In 1946, Chuman became president of the Los Angeles chapter of the JACL. He offered legal counsel for the national organization from 1953 to 1960, and was its national president from 1960 to 1962. While serving as JACL president, Chuman facilitated the launch of the Japanese American Research Project (JARP) and assisted with its fundraising. Chuman's work with JARP led to his research on the Japanese American legal history in the United States, including laws dealing with citizenship and immigration restrictions, alien land laws, and wartime confinement. Chuman published his finding in his 1976 book The Bamboo People. In this comprehensive book, Chuman delved into the varying reasons and motivations of the individuals, groups and organizations that were behind these laws.

In the 1960s, Chuman became involved in the civil rights movement and was named commissioner of the Los Angeles County Human Relations commission.

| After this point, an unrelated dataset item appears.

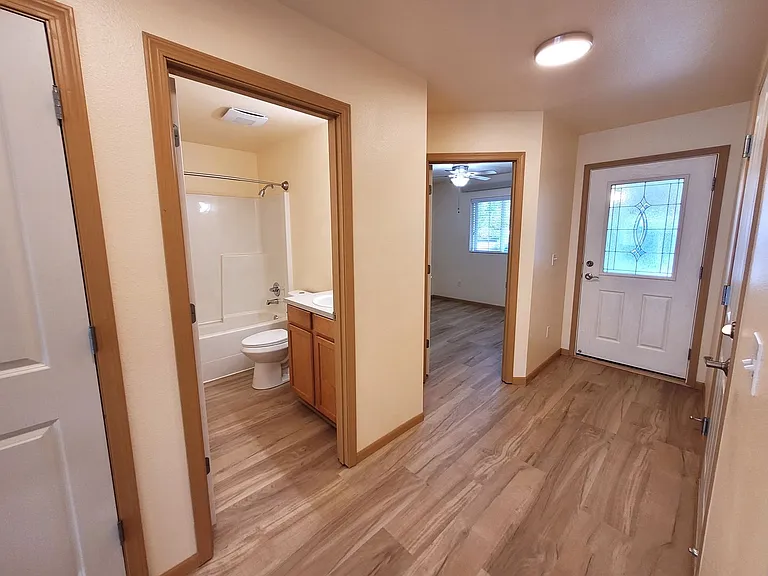 410 Holland Ave — Photo 3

Chuman became active in Japanese American redress efforts starting in the 1970s, and with the effort to overturn court rulings for the World War II convictions of internment resisters Fred Korematsu, Gordon Hirabayashi, and Minoru Yasui. Years earlier, Chuman had discussed the idea of using the writ of coram nobis that he had learned as a law student to support this effort. Chuman repeated his suggestion of using the writ to help overturn the rulings during 1981 testimony before the Commission on Wartime Relocation and Internment of Civilians (CWRIC), and shortly thereafter the scholar Peter Irons and attorney Dale Minami undertook a coram nobis petition in this effort. Chuman joined the legal team as an adviser, and the petition led to the reversal by federal court judges of the two convictions.

==Later life and death==
After 2000, Chuman moved to Thailand with his wife, Donna. He received a Distinguished Graduate Award from University of Maryland School of Law in 2005, and in 2011 he published his memoirs, Manzanar and Beyond. In 2021, at the age of 104, Chuman received an honorary degree from USC. Chuman died in Bangkok on May 23, 2022, at the age of 105.